Fragmented landscape (FL-SAR) | Landscape | Calculated for replicate fragmented landscapes with differences in the total amount of habitat and the degree of fragmentation |

To return to the task of predicting extinctions due to habitat loss, we reiterate that eqn 3 and EARs (Harte & Kinzig 2011; Kinzig & Harte 1997) by definition describe the number of species going extinct immediately following complete loss of habitat in the area occupied by the endemic species. In conservation, we are concerned not only with these immediate extinctions but also with subsequent extinctions due to the remaining habitat being insufficient to support, in the long-term, viable populations of other (non-endemic) species. Second, predictions about extinctions based on SAR, RAR and EAR are focused on the pooled amount of habitat that is lost across the region, while they ignore possible consequences of habitat fragmentation. Arguably, this is a major shortcoming when the total amount of remaining habitat is small or relatively small and fragmentation becomes severe (Hanski 2005). Third, most models that have been constructed to derive SAR, RAR and EAR ignore spatial correlation in habitat type and differences in species ecological requirements (e.g. Kinzig & Harte's 2000 derivation of EAR from SAR, Hubbell's 2011 neutral model, He & Hubbell's 2011 sampling models and Storch *et al*.'s 2012 model of range placement; but see Sizling & Storch 2004). Fourth, SAR, RAR and EAR are typically not derived from dynamic models, which is a shortcoming at regional scales, where the occurrence of most species is dynamic and affected by dispersal.

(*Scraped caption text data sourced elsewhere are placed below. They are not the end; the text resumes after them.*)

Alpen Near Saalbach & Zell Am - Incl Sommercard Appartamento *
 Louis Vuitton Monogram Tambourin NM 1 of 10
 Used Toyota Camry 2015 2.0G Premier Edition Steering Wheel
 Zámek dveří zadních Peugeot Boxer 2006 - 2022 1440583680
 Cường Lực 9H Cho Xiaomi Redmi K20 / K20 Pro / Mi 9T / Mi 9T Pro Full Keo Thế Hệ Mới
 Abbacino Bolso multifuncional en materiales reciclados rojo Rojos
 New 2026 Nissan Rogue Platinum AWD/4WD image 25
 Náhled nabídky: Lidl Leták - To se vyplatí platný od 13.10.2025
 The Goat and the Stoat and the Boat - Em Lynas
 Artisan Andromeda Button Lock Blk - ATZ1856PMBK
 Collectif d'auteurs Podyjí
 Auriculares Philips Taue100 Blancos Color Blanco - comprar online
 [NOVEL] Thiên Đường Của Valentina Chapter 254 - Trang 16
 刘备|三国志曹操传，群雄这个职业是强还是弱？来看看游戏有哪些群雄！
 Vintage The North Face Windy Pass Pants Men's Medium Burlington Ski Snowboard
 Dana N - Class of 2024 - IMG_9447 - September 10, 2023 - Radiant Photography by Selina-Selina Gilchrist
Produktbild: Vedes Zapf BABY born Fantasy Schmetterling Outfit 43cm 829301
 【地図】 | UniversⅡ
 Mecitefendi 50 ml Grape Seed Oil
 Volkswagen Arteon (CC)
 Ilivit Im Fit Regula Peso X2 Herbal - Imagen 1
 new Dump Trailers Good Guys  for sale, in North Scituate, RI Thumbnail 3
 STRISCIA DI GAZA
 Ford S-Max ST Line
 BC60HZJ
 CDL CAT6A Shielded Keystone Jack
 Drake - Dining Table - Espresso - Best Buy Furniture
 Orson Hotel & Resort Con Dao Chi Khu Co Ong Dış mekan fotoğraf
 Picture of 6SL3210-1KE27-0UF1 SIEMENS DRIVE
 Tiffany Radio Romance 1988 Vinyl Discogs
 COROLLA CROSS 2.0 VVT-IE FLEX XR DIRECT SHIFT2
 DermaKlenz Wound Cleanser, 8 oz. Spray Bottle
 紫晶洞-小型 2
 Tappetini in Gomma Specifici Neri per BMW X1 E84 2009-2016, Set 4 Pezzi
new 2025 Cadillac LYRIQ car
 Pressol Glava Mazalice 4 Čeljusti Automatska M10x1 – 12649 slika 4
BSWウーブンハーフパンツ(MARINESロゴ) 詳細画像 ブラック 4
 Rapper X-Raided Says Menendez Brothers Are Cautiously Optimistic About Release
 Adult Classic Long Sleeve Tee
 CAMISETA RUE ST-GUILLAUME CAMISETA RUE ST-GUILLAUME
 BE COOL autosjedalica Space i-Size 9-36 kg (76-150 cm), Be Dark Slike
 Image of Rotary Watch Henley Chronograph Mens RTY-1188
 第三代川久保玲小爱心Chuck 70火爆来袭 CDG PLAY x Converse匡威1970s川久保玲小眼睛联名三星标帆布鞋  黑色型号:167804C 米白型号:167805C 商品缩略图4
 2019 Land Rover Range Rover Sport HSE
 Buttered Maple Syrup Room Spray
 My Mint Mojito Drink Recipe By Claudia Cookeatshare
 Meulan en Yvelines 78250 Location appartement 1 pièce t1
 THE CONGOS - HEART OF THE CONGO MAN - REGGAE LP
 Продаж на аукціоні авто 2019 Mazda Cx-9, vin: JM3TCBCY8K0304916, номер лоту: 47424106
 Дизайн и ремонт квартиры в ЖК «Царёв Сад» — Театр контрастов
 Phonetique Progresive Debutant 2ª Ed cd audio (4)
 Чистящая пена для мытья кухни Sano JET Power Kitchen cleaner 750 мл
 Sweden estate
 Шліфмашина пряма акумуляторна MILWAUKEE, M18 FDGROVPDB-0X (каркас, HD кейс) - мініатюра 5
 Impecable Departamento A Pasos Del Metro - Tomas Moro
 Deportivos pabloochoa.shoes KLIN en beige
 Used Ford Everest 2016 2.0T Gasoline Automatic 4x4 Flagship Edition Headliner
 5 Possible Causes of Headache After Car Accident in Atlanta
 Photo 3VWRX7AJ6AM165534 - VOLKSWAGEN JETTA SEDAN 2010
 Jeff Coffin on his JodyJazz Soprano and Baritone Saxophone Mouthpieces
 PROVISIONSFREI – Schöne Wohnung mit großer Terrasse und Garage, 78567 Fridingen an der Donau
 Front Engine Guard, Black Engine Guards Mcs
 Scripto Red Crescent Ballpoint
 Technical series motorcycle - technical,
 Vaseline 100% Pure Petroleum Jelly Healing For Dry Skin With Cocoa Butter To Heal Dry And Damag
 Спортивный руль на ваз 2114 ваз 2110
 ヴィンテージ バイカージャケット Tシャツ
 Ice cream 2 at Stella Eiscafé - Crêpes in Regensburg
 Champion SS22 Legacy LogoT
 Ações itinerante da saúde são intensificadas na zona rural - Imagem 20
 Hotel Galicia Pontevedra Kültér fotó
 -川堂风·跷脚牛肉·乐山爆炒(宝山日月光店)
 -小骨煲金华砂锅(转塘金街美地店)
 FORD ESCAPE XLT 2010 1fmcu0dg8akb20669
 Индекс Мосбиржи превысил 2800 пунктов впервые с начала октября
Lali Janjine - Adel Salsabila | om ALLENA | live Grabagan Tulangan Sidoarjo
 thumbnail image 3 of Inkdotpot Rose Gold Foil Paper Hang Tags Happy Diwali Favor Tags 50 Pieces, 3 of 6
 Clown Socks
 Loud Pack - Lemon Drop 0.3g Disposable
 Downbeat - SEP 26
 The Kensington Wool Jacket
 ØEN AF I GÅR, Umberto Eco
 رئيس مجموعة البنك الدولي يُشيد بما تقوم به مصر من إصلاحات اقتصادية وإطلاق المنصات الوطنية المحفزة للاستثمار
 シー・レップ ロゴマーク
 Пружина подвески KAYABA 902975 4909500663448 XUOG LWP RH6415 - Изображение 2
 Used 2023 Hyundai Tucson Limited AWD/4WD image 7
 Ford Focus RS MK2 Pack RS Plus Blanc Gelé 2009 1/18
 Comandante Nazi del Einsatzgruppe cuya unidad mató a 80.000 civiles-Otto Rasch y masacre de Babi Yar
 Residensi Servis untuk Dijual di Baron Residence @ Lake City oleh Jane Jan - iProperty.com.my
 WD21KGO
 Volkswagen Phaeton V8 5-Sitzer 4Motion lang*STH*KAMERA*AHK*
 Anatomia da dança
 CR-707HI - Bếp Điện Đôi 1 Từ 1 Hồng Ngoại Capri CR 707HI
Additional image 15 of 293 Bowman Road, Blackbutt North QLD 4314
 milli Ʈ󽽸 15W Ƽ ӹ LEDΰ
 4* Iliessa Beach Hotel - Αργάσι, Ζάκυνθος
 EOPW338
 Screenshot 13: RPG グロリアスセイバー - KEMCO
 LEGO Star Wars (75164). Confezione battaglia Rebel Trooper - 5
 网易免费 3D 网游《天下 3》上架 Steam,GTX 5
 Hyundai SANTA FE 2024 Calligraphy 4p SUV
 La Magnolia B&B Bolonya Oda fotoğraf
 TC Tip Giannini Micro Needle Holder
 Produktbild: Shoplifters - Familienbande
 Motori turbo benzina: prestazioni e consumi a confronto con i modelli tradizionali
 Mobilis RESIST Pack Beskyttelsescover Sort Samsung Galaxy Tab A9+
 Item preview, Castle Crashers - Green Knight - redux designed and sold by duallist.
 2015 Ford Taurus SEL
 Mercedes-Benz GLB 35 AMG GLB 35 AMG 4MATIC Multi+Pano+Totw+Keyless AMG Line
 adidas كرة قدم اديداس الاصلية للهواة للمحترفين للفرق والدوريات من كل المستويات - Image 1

Here, we aim at providing a perspective on the use of SAR and RAR in predicting extinctions by taking a computational approach: we construct a dynamic simulation model of the spatial dynamics of a large number of species to analyse and clarify habitat area-dependent extinctions. We develop a simple yet robustly realistic model, with the following key features. We ignore interspecific interactions but assume differences in the ecological traits of the species. We model stochastic patch occupancy dynamics (Hanski 1994; Moilanen 1999) on a lattice, assuming an exponential dispersal kernel (Ovaskainen & Hanski 2004) with a parameter specifying the average range of dispersal. The lattice cells are characterised by spatially variable habitat type, which is spatially correlated at a scale that can be adjusted with a parameter. The performance of a local population in a lattice cell is determined by the match between the species phenotype and habitat type. The model includes regional stochasticity, that is, spatially correlated environmental stochasticity, which leads to spatially correlated extinctions. We construct continental SARs, OF-SARs and RARs for the simulation results, with the aim of examining differences in their slopes. We then analyse transient dynamics following habitat loss, to contrast extinctions that occur immediately following habitat loss vs. further extinctions in the course of transient dynamics towards the new quasi-stationary state. Finally, we analyse the influence of habitat fragmentation vs. the influence of habitat loss on the number of surviving species. We conclude that contrary to He & Hubbell (2011), RARs always underestimate even short-term extinctions, because following habitat loss many non-endemic species go quickly extinct in the remaining habitat, where they do not have viable populations. However, and what is very important, conventional SARs produce large or even very large underestimates of the number of species going extinct in highly fragmented landscapes with a small total amount of remaining habitat. We modify the power-law SAR to account for the effect of fragmentation, and we make a simple recommendation that helps reduce the fragmentation effect in practical conservation.